Moneybox

Why Yahoo Might Sell Off Its Internet Business

All that glitters is definitely not gold.

Photo by Ethan Miller/Getty Images

Yahoo’s board of directors is reportedly preparing to discuss whether the company should sell off its ever-floundering Internet business. That includes its Web portal Yahoo.com (how retro!), Yahoo News, Yahoo Mail, Yahoo Search—pretty much everything that most Americans associate with Yahoo as a going concern.

Sound crazy? It’s not, really, at least if you come at it from the viewpoint of an investor. Yahoo has been looking for the most efficient, inexpensive way to break up its odd assortment of parts. This might turn out to be it.

In the eyes of Wall Street, Yahoo’s core business, which is basically a king-sized version of every struggling online media operation combined with more ad tech and a search engine not named Google, isn’t worth very much.1 Most of the company’s value is instead tied up with its 15 percent stake in Alibaba, China’s king of online commerce, and Yahoo Japan. Investors tend to think those assets would be more valuable if they were freed from the struggling Web properties. So Yahoo has been planning to oblige their desires by spinning off its Alibaba stake into its own company. 
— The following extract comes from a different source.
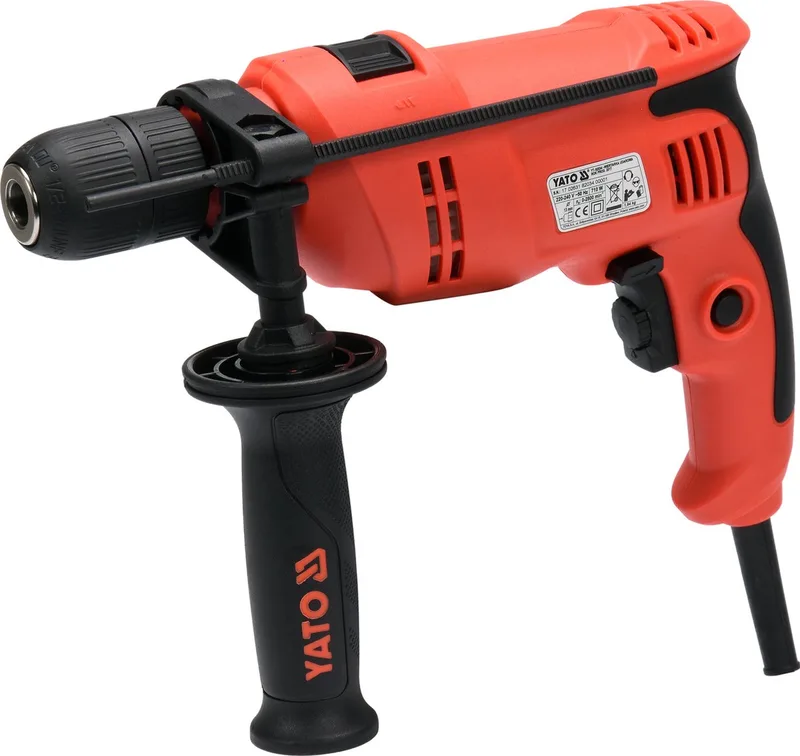 Boormachine/ Klopboormachine - 710W - 2800rpm by Yato – product image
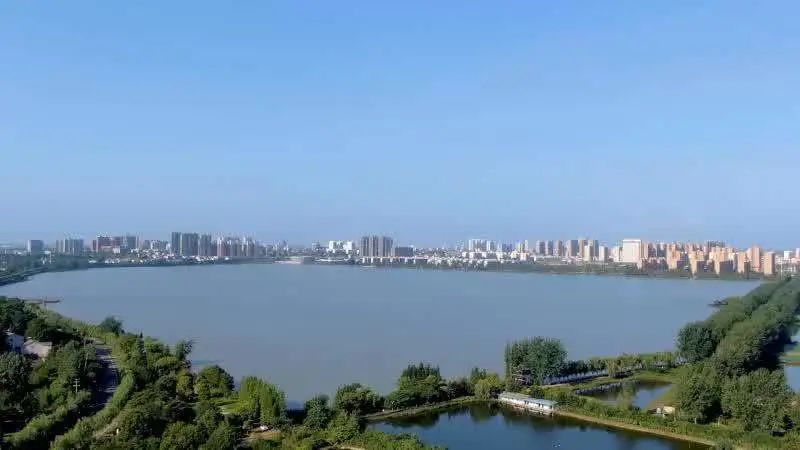 湖北这个世界长寿之乡，位于神秘北纬31°，典藏众多山水美景，少有人知，但知道的人都想去养老！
That plan recently hit a speed bump. Yahoo has been trying to structure the spinoff as a tax-free transaction; if it just sold the shares outright, it would owe billions to the government. But when the company ask the Internal Revenue Service for an opinion about its plan, the agency declined to say whether Yahoo would face a tax bill. This was a bit worrisome, since some IRS officials have questioned whether the kind of deal Yahoo is contemplating—in which a bunch of heavily appreciated assets like stock are packaged together with a tiny operating business—should qualify as a tax-free corporate spinoff, since it basically looks like an end run around capital gains taxes. Still, Yahoo was planning to go ahead with the deal anyway.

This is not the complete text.